Baladine, Balthus’s mother, writes in a letter to her lover, Rilke, about her son’s teacher, Mr. P. The latter has in his possession a pastel by Balthus but is under the false impression that it is Baladine’s work. The preface referred to is by Rilke to Balthus’s bande dessinée, Mitsou.
The poor man was quite confused, and when I told this to Balthuz, he replied, “It’s a good thing Mr. Rilke said in his preface that I exist; otherwise Mr. P. wouldn’t have believe it.” – and now I’m obliged to make a present of one of my paintings to Mr. P. to bring him back to life – Oh my friend, does Baltuz exist? I myself suffer from his mischief-making – especially since we’re in the country of Calvin.

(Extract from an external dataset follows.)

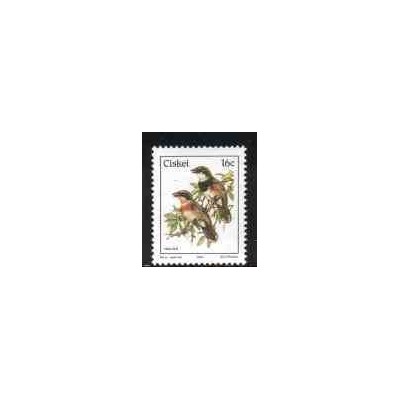 1 عدد تمبر سری پستی - پرندگان - آفریقای جنوبی 1987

– quoted in Nicholas Fox Weber’s Balthus: A Biography, Alfred A. Knopf, New York, 1999, p. 57
– Balthus, frame 3, Mitsou, 1921
Rilke replies. He refers to the Crac which he identifies with Balthus’s mysterious missing birthdays, on the 29th of February. Rilke has in letters to Balthus told him that to catch up with those lost dates all he need do is slip through the Crac.
As for my friend B., I wasn’t so wrong to advise him not to vanish into the “Crac,” since with regard to school, he was there already. Luckily, he was found in time! I nonetheless remain convinced that “B. exists,” only it will always be extremely difficult to agree upon the place where he exists!
– in ibid.
– Balthus, Mitsou, 1921
Rilke in 1921 on the Crac:
Many years ago I knew an English writer in Cairo, a Mr. Blackwood, who in one of his novels advances a rather attractive hypothesis: he claims that at midnight there always appears a tiny slit between the day ending and the day beginning, and that a very agile person who managed to insert himself into that slit would escape from time and find himself in a realm independent of all the changes we must endure; in such a place are gathered all the things we have lost (Mitsou, for instance) … children’s broken dolls, etc. etc. …
That’s the place, my dear B., into which you must insert yourself on the night of February 28, in order to take possession of your birthday, which is hidden there, coming to light only every four years! (Just think how worn out, in an exhibition of birthdays, other people’s would be compared with this one of yours which is so carefully tended and which is removed only at long intervals, quite resplendent, from its hideaway.)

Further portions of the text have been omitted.